:: Provided data

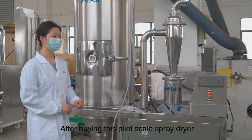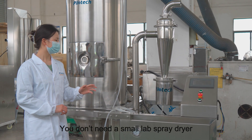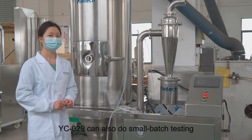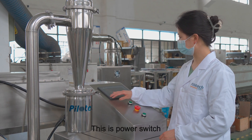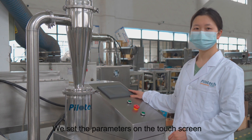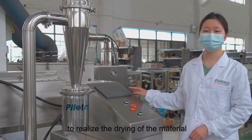After buying this pilot scale spray dryer, you don't need a small lab spray dryer. YC029 can also do small batch testing. This is the power switch, and this is the touch screen. We set the parameters on the touch screen to realize the drying of the material.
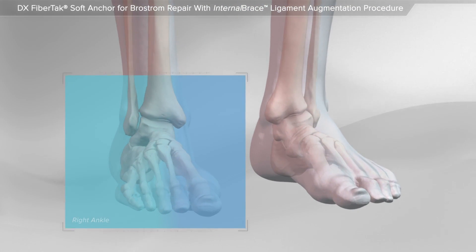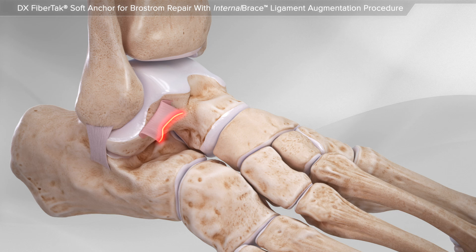In this animation, we will show a Broström repair with an internal brace ligament augmentation procedure. Ankle sprains are very common injuries and some require surgical repair. The Broström repair is the most common technique used to repair the torn ankle ligament.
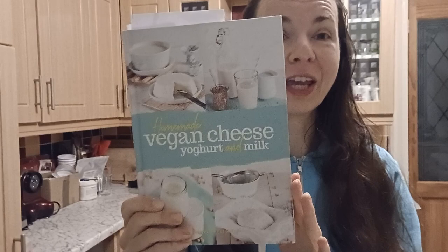Let me show you this book. This is a really useful book and if you know somebody who is dairy-free and goes vegan, I think this is a really helpful one. I'll leave it in the description.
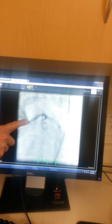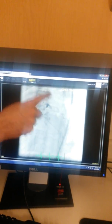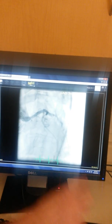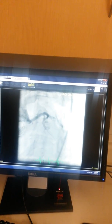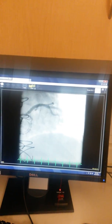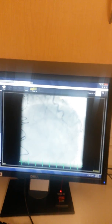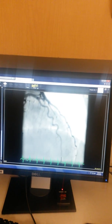Here's my catheter coming down into the left main, and you can see that the vein graft doesn't really want to fill backwards because there are tight areas of narrowing through here. But once we got the stent in there, now all of a sudden — look at this, look how quickly that fills — everything fills back. The vein graft fills all the way back here up to the origin; it comes out the aorta now.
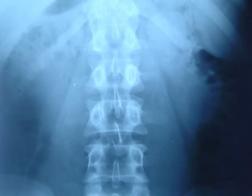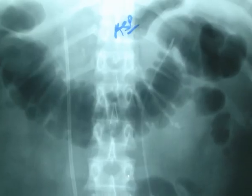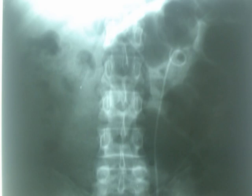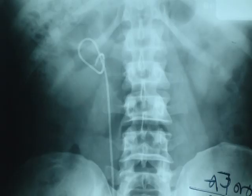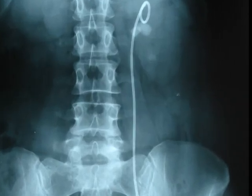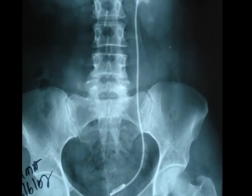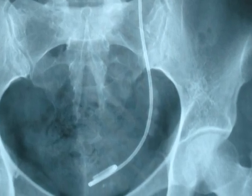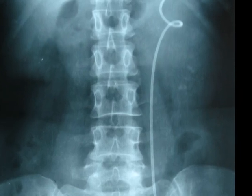Retrograde intrarenal surgery has allowed us to manage difficult situations like small stones and failure of extracorporeal shock wave lithotripsy, in kidneys with cystic stones of almost two centimeters and multiple stones of the distal ureter. The fibroscope moves the renal stones to the proximal ureter, which are then fragmented and extracted with the rigid ureteroscope.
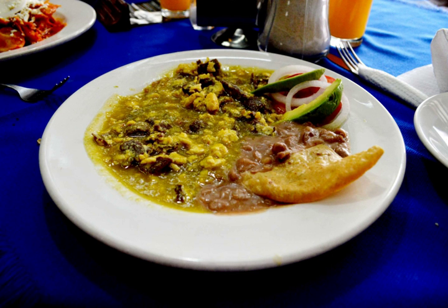Aporiadillo, or aporiado, is a typical dish from southwestern Mexico cuisine. This dish consists of meat beaten with a stone, salted, shredded, stirred with egg, and cooked in guajillo chili, arbol chili, or serrano chili sauce, with garlic and cilantro.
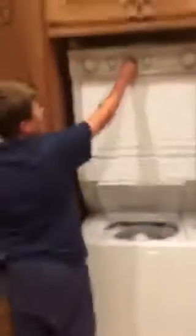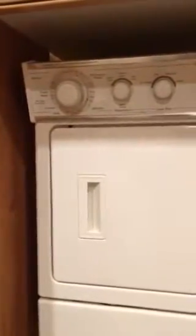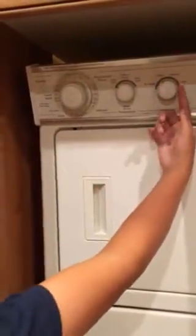Now, set it to 14, cold water, and depending on your load, set it to a small, medium, or large load.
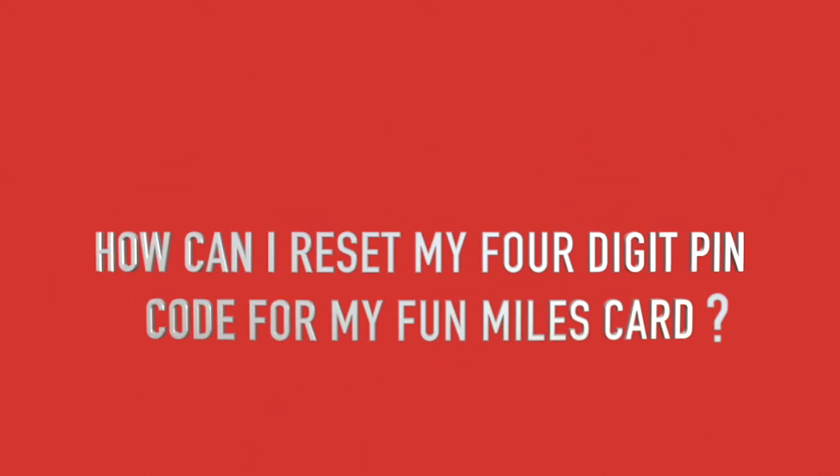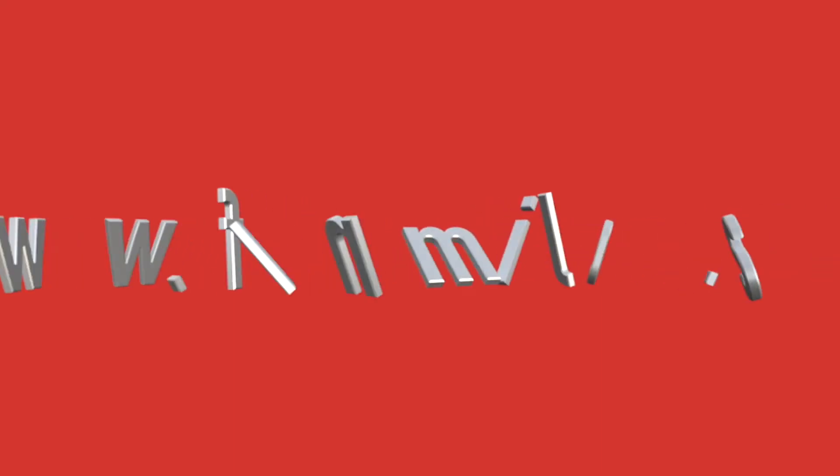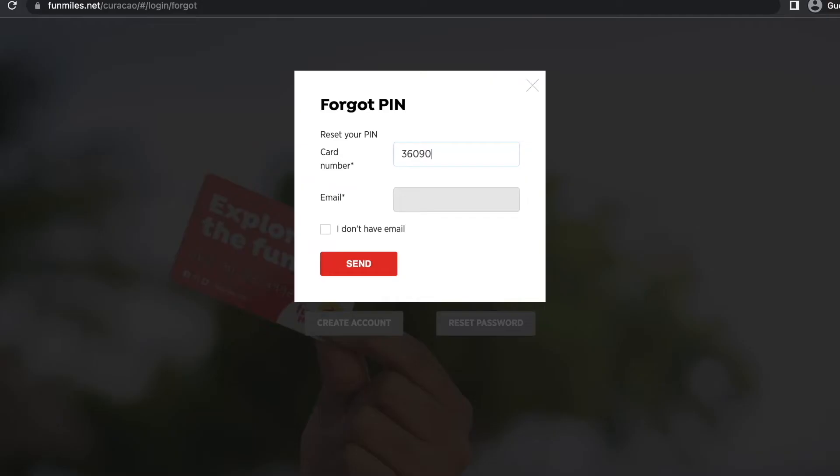How can I reset my 4-digit PIN code for my FunMouse card? Visit our website www.funmouse.net. On the bottom of the page, click on the word Forgot PIN.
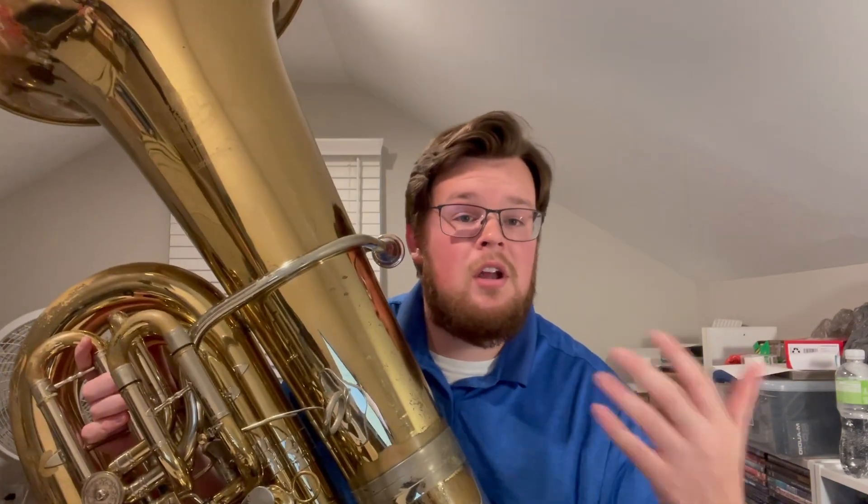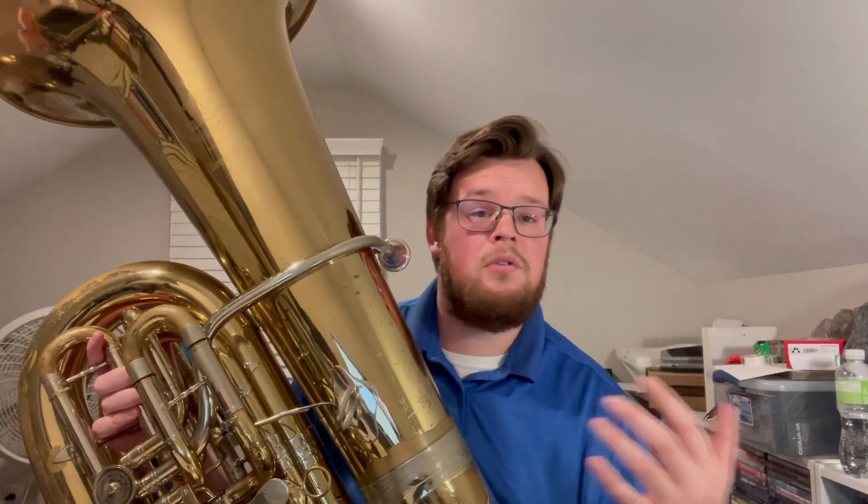Simply put, if you want to maximize your confidence and competence as a tuba player, you can't be cutting corners — you have to properly build from the ground up. If you found this video valuable today and want to take it a step further, comment below this post and I'll send you my Tuba Growth Accelerator Kit right through Messenger. Take care.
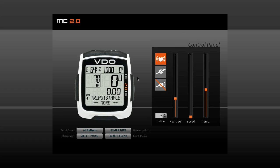Why do I need to recalibrate my MC20? The MC20 measures the actual air pressure and based on this calculates the actual altitude. Due to weather changes, the air pressure changes as well, but your altitude at home is still the same. In recalibration, the actually measured air pressure is recalculated to your home altitude.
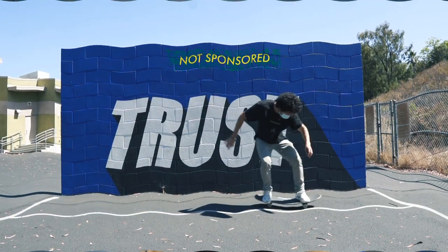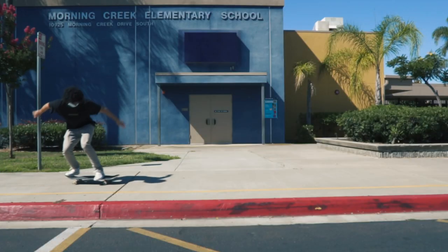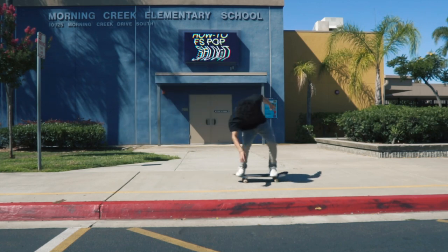This is one of the first skateboard tricks I learned when I started skateboarding, and I'm going to explain it to you in the most comprehensive way possible. This is how you do a frontside pop shove-it.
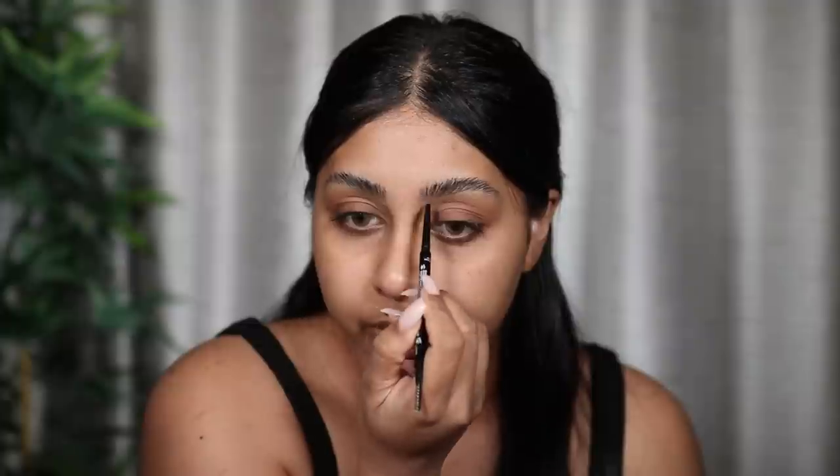The first thing we're going to be trying is this Blade Brow in the shade Dark Brown. This is literally £2.50 — how much did it cost to make, like 20 pence? Anyway, let's give it a go. It does really, really thin strokes — it's doing a good job, giving me those brow hair strokes, and it's very subtle. I'm quite happy with that.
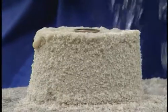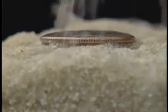Sprinkle some water on top of the sand very gently. Very — what did you say again? I said gently.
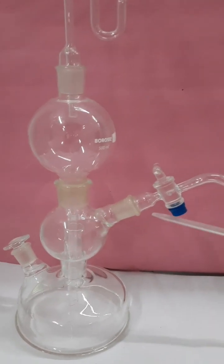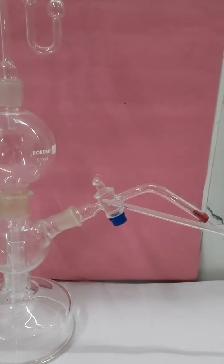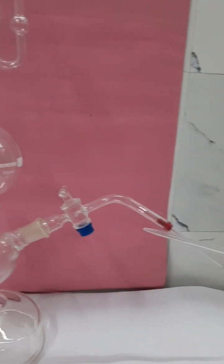Here is a stopcock to release the gas prepared in the middle chamber.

::::

• Work required: Leave out the pictures and repeat exactly the lines from the one containing "The first thing" through the last line of the entries.

• Solved problem:
The first thing we're going to be trying is this Blade Brow in the shade Dark Brown. This is literally £2.50 — how much did it cost to make, like 20 pence? Anyway, let's give it a go. It does really, really thin strokes — it's doing a good job, giving me those brow hair strokes, and it's very subtle. I'm quite happy with that.
Sprinkle some water on top of the sand very gently. Very — what did you say again? I said gently.
Here is a stopcock to release the gas prepared in the middle chamber.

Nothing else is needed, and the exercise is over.